🤖 AI Summary
This work investigates the breakdown of Gaussian universality for high-dimensional empirical risk minimization (ERM) under non-Gaussian designs. By extending the convex Gaussian min-max theorem to non-Gaussian settings and leveraging concentration inequalities, random matrix theory, and asymptotic analysis, the authors establish an asymptotic min-max characterization of the mean and covariance of ERM estimators and uncover the structure of their predictive distributions. A central contribution is delineating the precise boundary under which Gaussian universality remains valid, and proving that, asymptotically, any twice-differentiable regularizer is equivalent to a quadratic form determined by its gradient and Hessian. Numerical experiments confirm the theoretical predictions, demonstrating accurate characterization of ERM’s statistical behavior across diverse loss functions and data models.
📝 Abstract
We study high-dimensional convex empirical risk minimization (ERM) under general non-Gaussian data designs.

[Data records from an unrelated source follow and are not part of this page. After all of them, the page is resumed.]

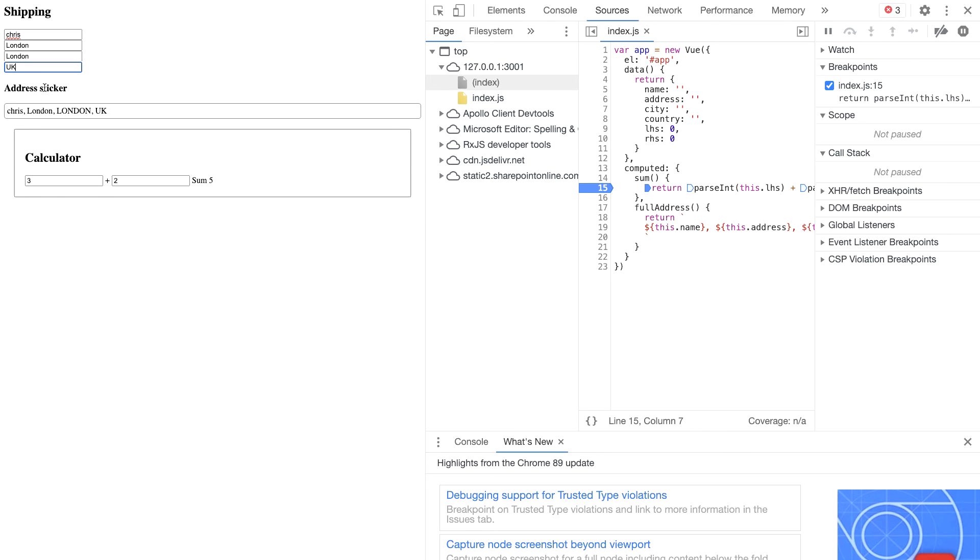or we want the calculated field to be updated every time we change one of the dependencies. So were I to change the address, I want to see the change here. If I change part of the calculation, I want to see the sum being updated and so on.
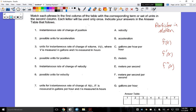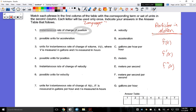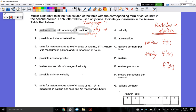Especially by interpreting the language — the words that you're given for these types of problems. For instance, instantaneous rate of change of position is synonymous with the derivative. Slope is also the same as the velocity function. So all of this is the same as the derivative — position, velocity, and acceleration.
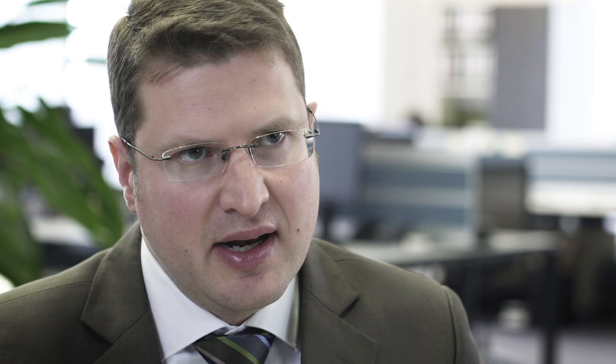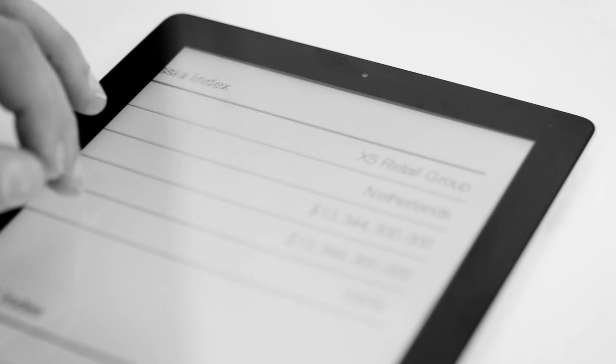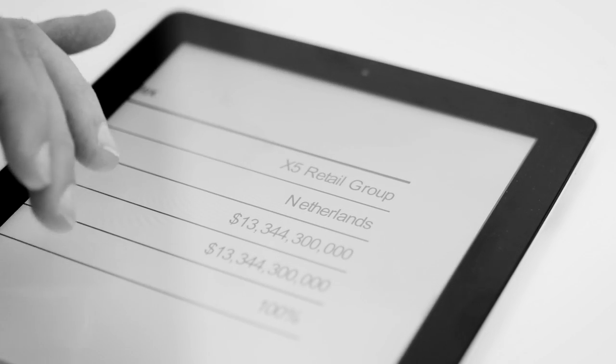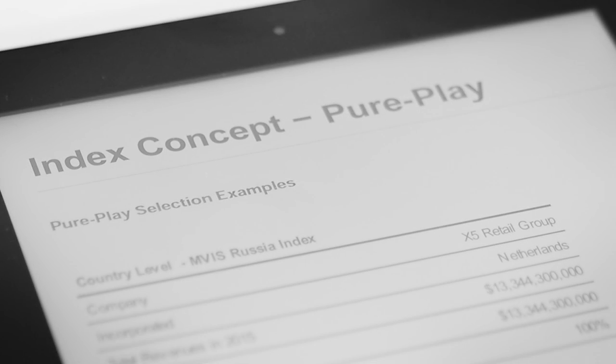As an example on the country level, we have X5 Retail, which is a Dutch company which does not trade on the Russian stock market. On the other hand, it's one of the largest retail chains in Russia. X5 qualifies by our revenue criteria.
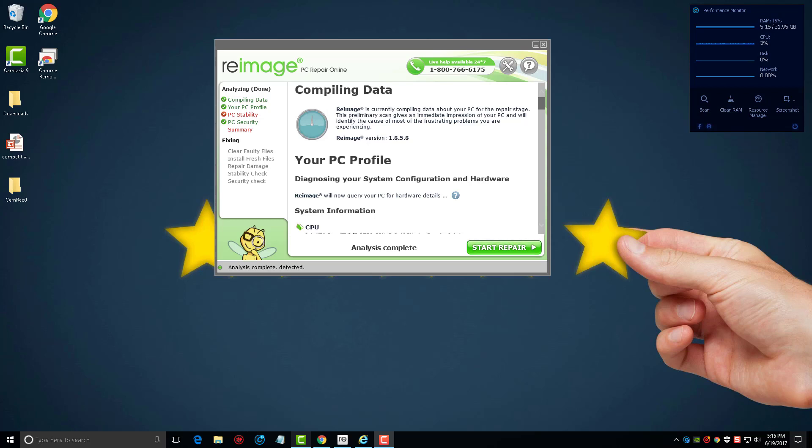So this is an amazing tool for people who especially don't know much about computers or how to fix them, or how to deal with a computer if it's running really slow and sluggish or having types of issues, because this tool, Reimage, will do everything for you.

By heuristically extending the Convex Gaussian Min-Max Theorem (CGMT) to non-Gaussian settings, we derive an asymptotic min-max characterization of key statistics, enabling approximation of the mean $μ_{\hatθ}$ and covariance $C_{\hatθ}$ of the ERM estimator $\hatθ$. Specifically, under a concentration assumption on the data matrix and standard regularity conditions on the loss and regularizer, we show that for a test covariate $x$ independent of the training data, the projection $\hatθ^\top x$ approximately follows the convolution of the (generally non-Gaussian) distribution of $μ_{\hatθ}^\top x$ with an independent centered Gaussian variable of variance $\text{Tr}(C_{\hatθ}\mathbb{E}[xx^\top])$. This result clarifies the scope and limits of Gaussian universality for ERMs. Additionally, we prove that any $\mathcal{C}^2$ regularizer is asymptotically equivalent to a quadratic form determined solely by its Hessian at zero and gradient at $μ_{\hatθ}$. Numerical simulations across diverse losses and models are provided to validate our theoretical predictions and qualitative insights.